In my last post, I talked about some of our forgotten Founding Fathers. Our founding mothers, of course, have fared even worse. Women had no votes in early America. Indeed, they had hardly any rights at all. But there were some women who nevertheless managed to make their voices heard on the great issues of the day.
Mercy Otis Warren (1728-1814), to take one example, was considered one of the most literate American women of the 18th Century. A popular author with a sharp wit and pen to match, she wrote poems, plays and satires. She is also believed to have written contributions to newspapers under the pseudonym, “A Columbian Patriot.”
Mrs.

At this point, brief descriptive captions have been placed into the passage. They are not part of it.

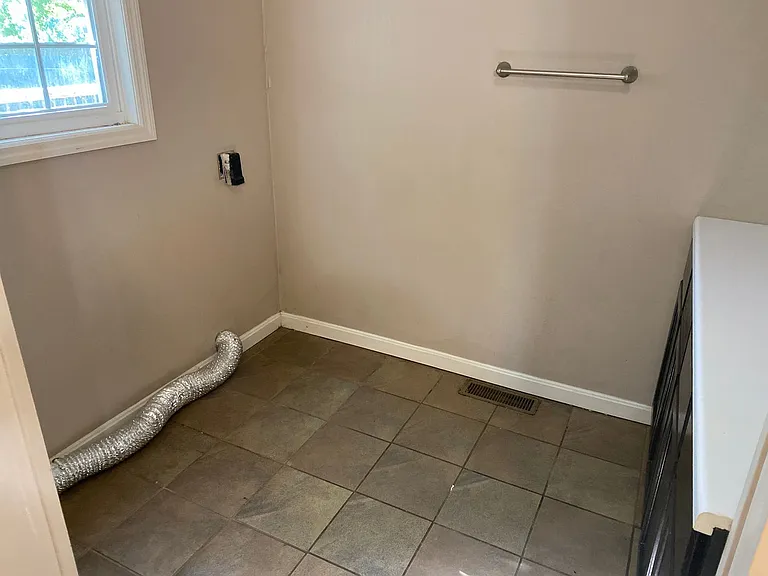 342 Hillcrest Dr — Photo 3
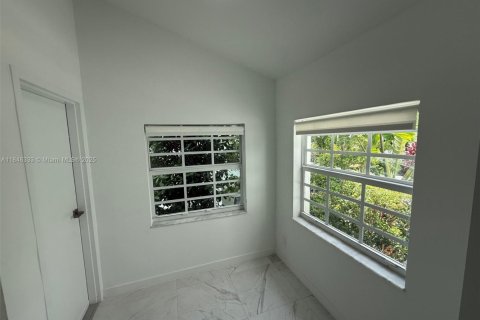 Apartment in Miami Beach, Florida 2 bedrooms, 77.67 sq.m. № 2013038 - photo 10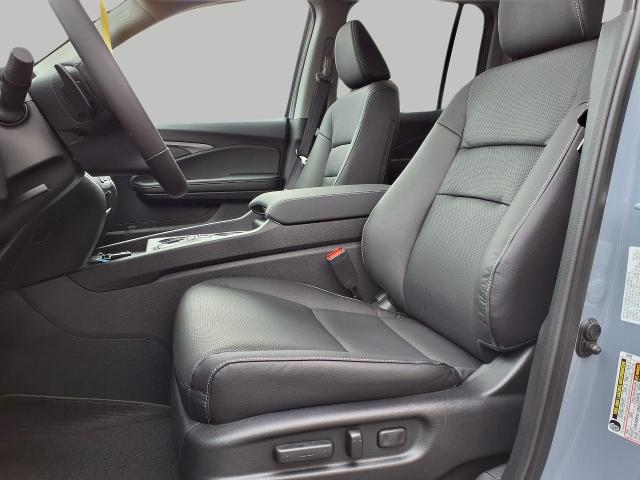 2025 Honda Ridgeline Vehicle Photo in Oshkosh, WI 54904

Warren was famous in her day, but if we think of founding mothers at all in 21st Century America, we are most likely to think of Abigail Adams, wife of our second president, John Adams, and mother of our sixth president, John Quincy Adams.

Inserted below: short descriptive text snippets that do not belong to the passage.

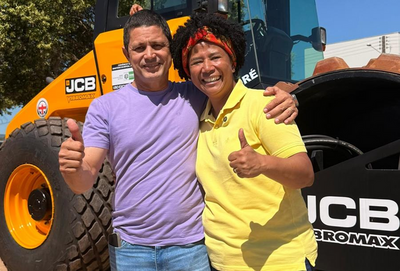 Deputada Sílvia Cristina entrega rolo compactador à Prefeitura de Mirante da Serra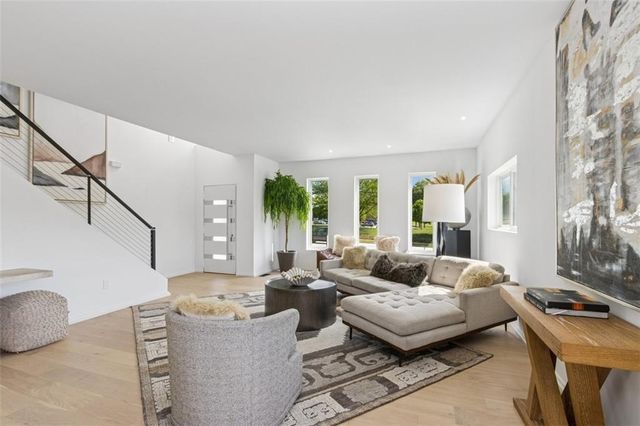 10924 W 67th Street, Shawnee, KS 66203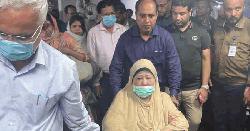 স্বাস্থ্য পরীক্ষা শেষে বাসায় ফিরেছেন খালেদা জিয়া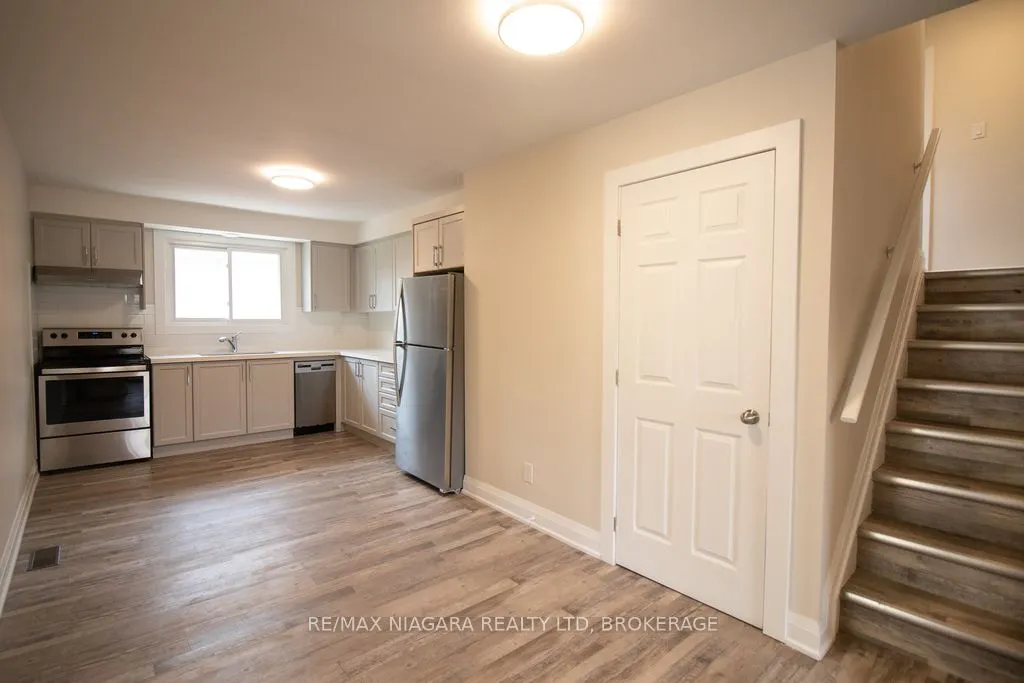 510 Queen Victoria Drive, #Main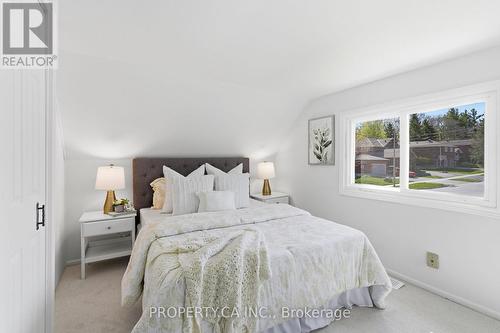 96 Ardagh Road, Barrie, ON - Indoor Photo Showing Bedroom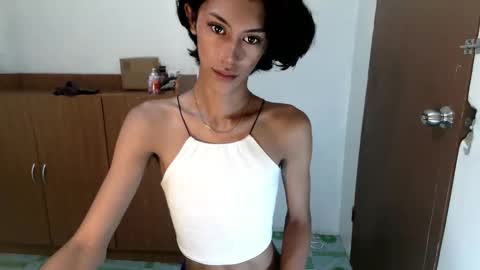 saori_xox1 online show from May 6, 9:42 pm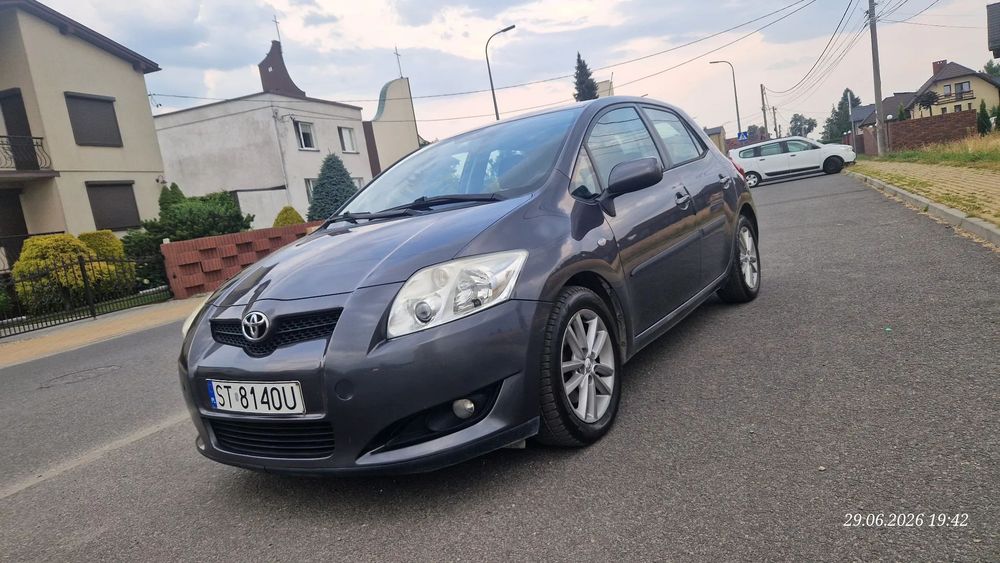 Toyota Auris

John Adams’ obligations as a legislator and a diplomat kept him away from home for long periods, so the couple stayed in touch through a steady stream of correspondence. Their letters are a national treasure. They feature as a plot device in the musical, 1776, and were the basis of a successful stage play called John and Abigail by William Gibson.
Abigail may not have been as well educated as her friend Mercy Warren, but she more than held up her end of the correspondence with her famous husband. Consider the spirited letter she wrote to John in Philadelphia, a few months before the signing of the Declaration of Independence.
“I long to hear that you have declared an Independency,” she enthused. “And by the way in the new Code of Laws which I suppose it will be necessary for you to make I desire you would Remember the Ladies, and be more generous and favourable to them than your ancestors. Do not put such unlimited power into the hands of the Husbands. Remember all Men would be tyrants if they could. If particular care and attention is not paid to the Ladies we are determined to foment a Rebellion, and will not hold ourselves bound by any Laws in which we have no voice, or Representation.”
All American women secured the right to vote with the passage of the 19th Amendment to the Constitution in 1920. After reading Abigail Adams’ letter, we can only wonder why it took that long.